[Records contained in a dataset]
= Beginning of Section =

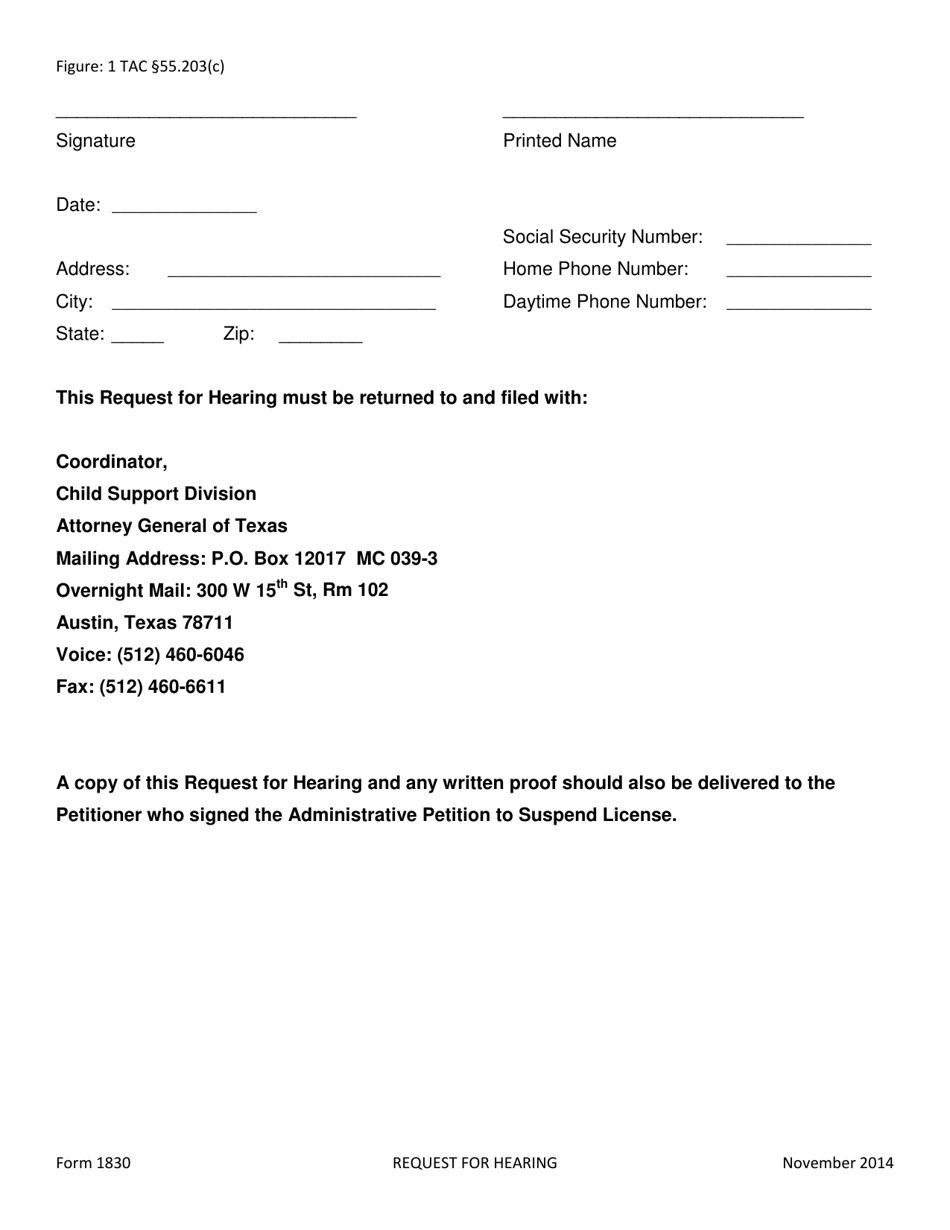Form 1830 Request for Hearing - Texas, Page 4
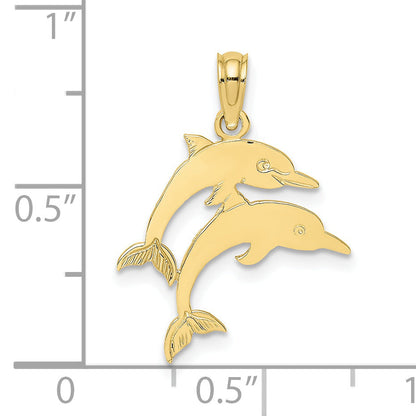 10K Yellow Gold 10K Double Dolphins Charm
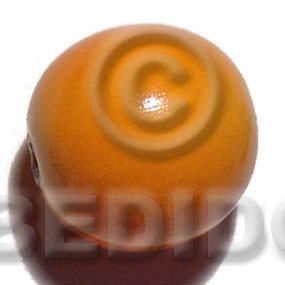 25mm nat. wood beads  in high gloss paint / orange / 15 pcs - Wood Beads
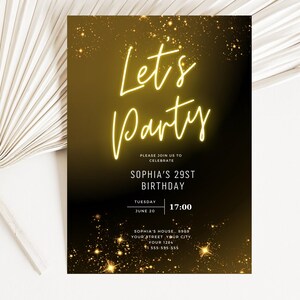 Bearbeitbare Neon Gold Light Digital Party Vorlage, druckbare Geburtstags-Neon Gold-Geburtstagseinladung, Schwarz Gold Neon Einladungsvorlage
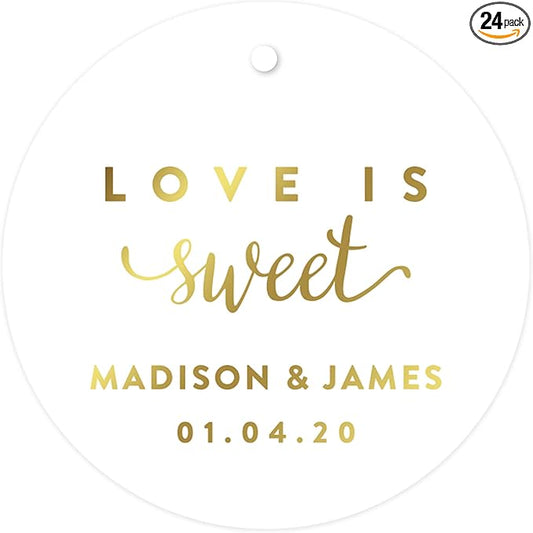 Andaz Press Personalized Round Circle Wedding Gift Tags, Metallic Gold Ink, Love is Sweet, 24-Pack, Custom Made Any Name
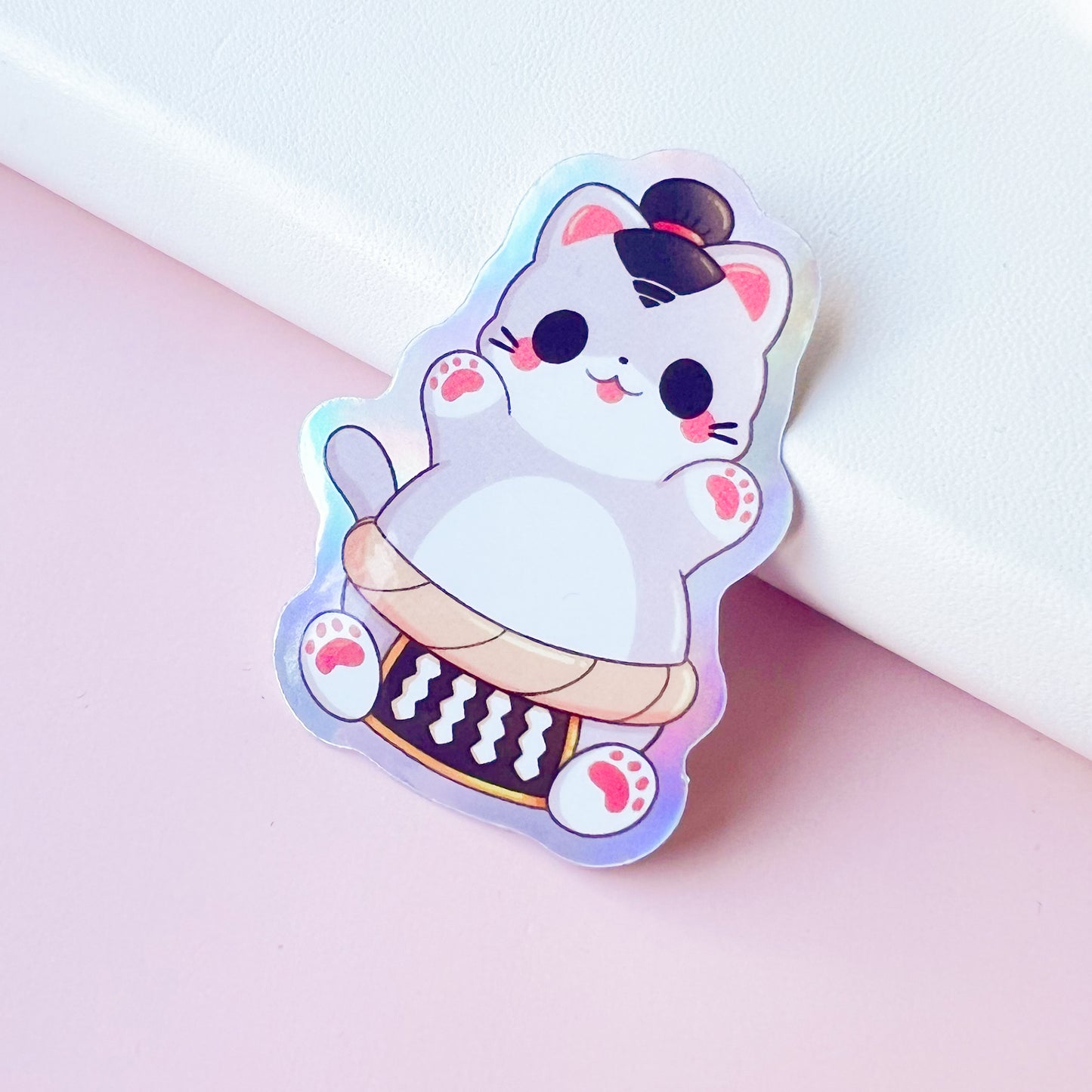 Holografische Sumo Katze Sticker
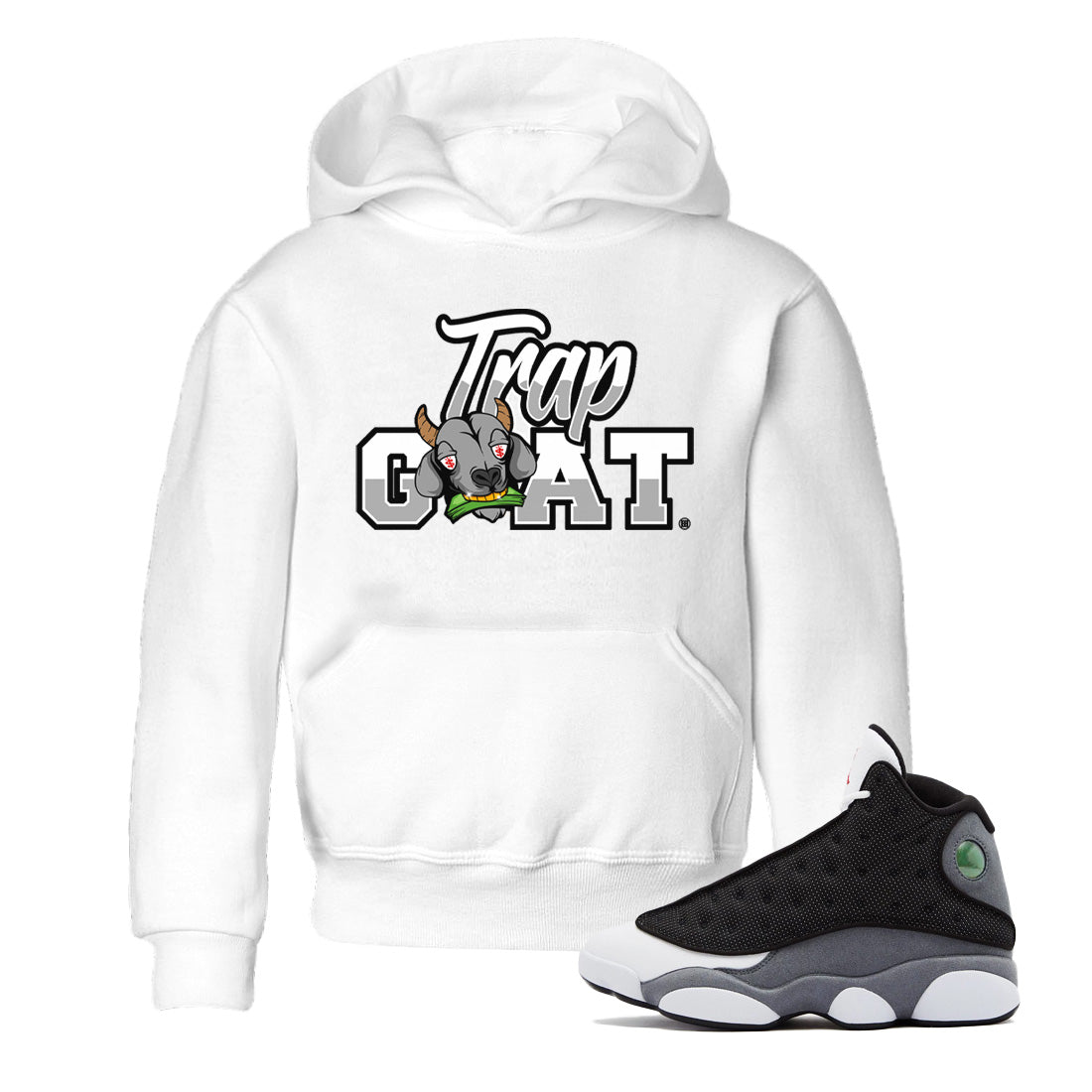 Trap Goat Kids Tops - Air Jordan 13 Black Flint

= End of Section =

Set down the records above word for word, from the first line through the line containing "25mm nat. wood", both included; leave out the pictures.

> **EXERCISE ANSWER**:
Form 1830 Request for Hearing - Texas, Page 4
 10K Yellow Gold 10K Double Dolphins Charm
 25mm nat. wood beads  in high gloss paint / orange / 15 pcs - Wood Beads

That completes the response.